Le cabinet avait par ailleurs quelques missions en Russie « que nous avons mises en pause, d’un commun accord avec nos clients, internationaux ou locaux », témoigne encore David Vidal. Ainsi de deux missions en cours pour des chaînes de restauration – le cabinet ne souhaitant pas pour le moment poursuivre d'engagements dans le pays.
SKP compte aussi des partenaires ukrainiens qui travaillent notamment pour l’entité Simon-Kucher Engine, une des marques dédiées aux projets du cabinet dans les domaines du digital, de la data science ou des softwares. « Ils ont réussi à se mettre à l’abri ou à partir », indique David Vidal.
Le cabinet a enfin décidé d’une participation financière à l’actuel effort humanitaire global en soutien à l’Ukraine.

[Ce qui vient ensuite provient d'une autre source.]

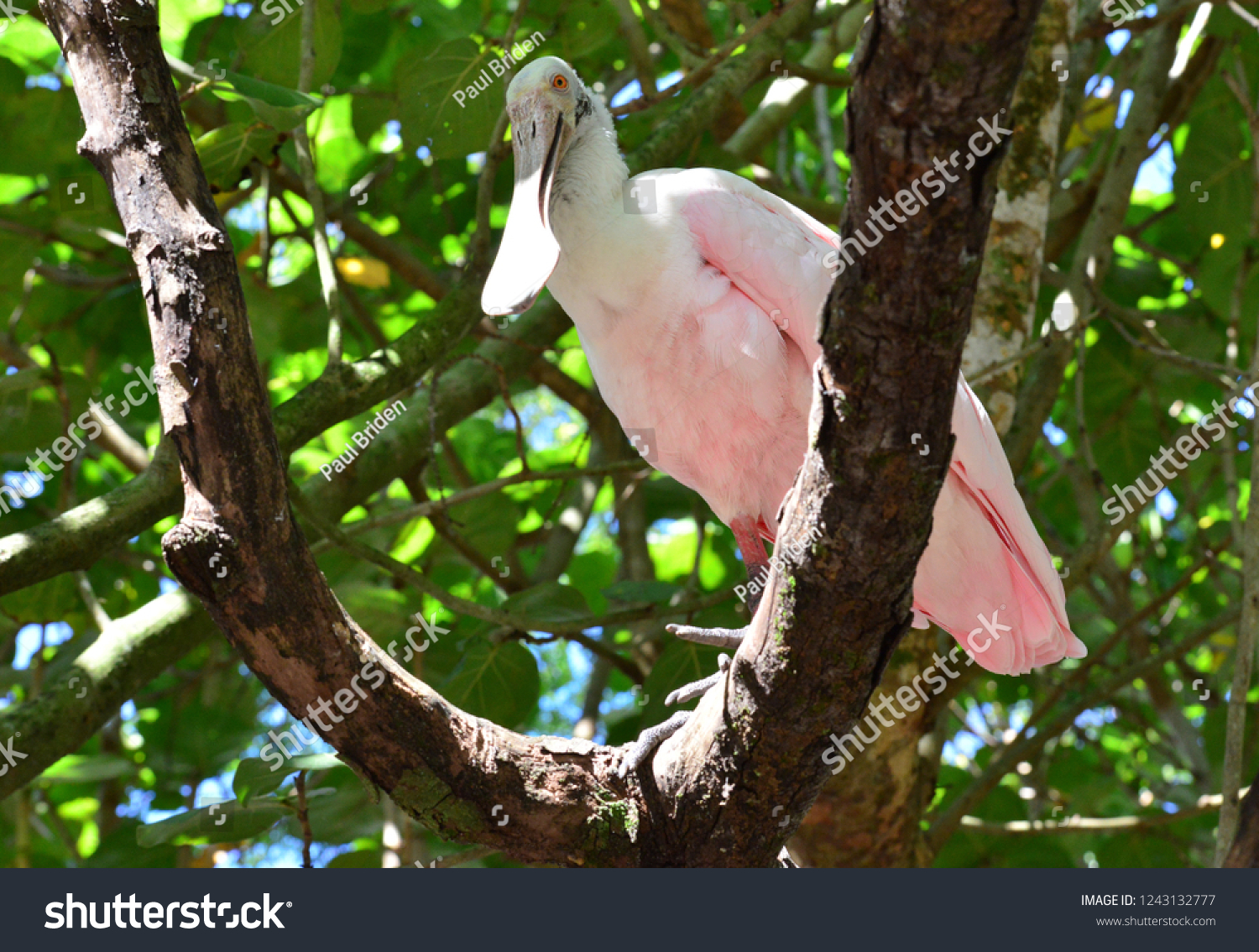 Roseate spoonbill ,a gregarious wading bird of the ibis and spoonbill family. #1243132777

Elle est ouverte à l’ensemble des collaboratrices et collaborateurs du cabinet.
Mais SKP n’est pas la seule société de conseil en stratégie à devoir s’adapter au conflit militaire russo-ukrainien en cours.
McKinsey et le BCG changent de pied
Les trois bureaux de McKinsey, du Boston Consulting Group et de Bain en Russie emploient au total un millier de personnes. Ils ont tous trois annoncé qu’ils refuseraient dorénavant de travailler pour le compte d’entités gouvernementales russes.
« Nous ne servirons plus aucune entité gouvernementale en Russie », écrivait sur LinkedIn Bob Sternfels, le global managing partner de McKinsey.
Une position autrement plus prudente que celle du managing partner de McKinsey en Ukraine, Oleksandr Kravchenko qui, sur LinkedIn, a jugé à titre personnel « qu’il devrait être clair pour tout observateur objectif que le gouvernement russe actuel n’est pas seulement dangereux, il est criminel », invitant à la cessation de toute activité économique avec la Russie.
Andrei Caramitru, un autre ancien senior partner de la firme, un temps managing partner de McKinsey en Roumanie, s’en est pris publiquement à Bob Sternfels. « Tu devrais avoir honte de refuser de fermer le bureau de McKinsey à Moscou – à contre-pied de la demande du patron du bureau en Ukraine. Et tu sais très, très bien pour qui ce bureau travaille. Tu connais ses relations avec le Kremlin. Ferme le bureau ! Tout de suite ! Tu auras de l’argent taché de sang sur les mains chaque jour que tu le garderas ouvert », écrit l’ancien associé sur LinkedIn, invitant tout actuel ou ancien McKinsey à soutenir son post, ce que certains ont fait.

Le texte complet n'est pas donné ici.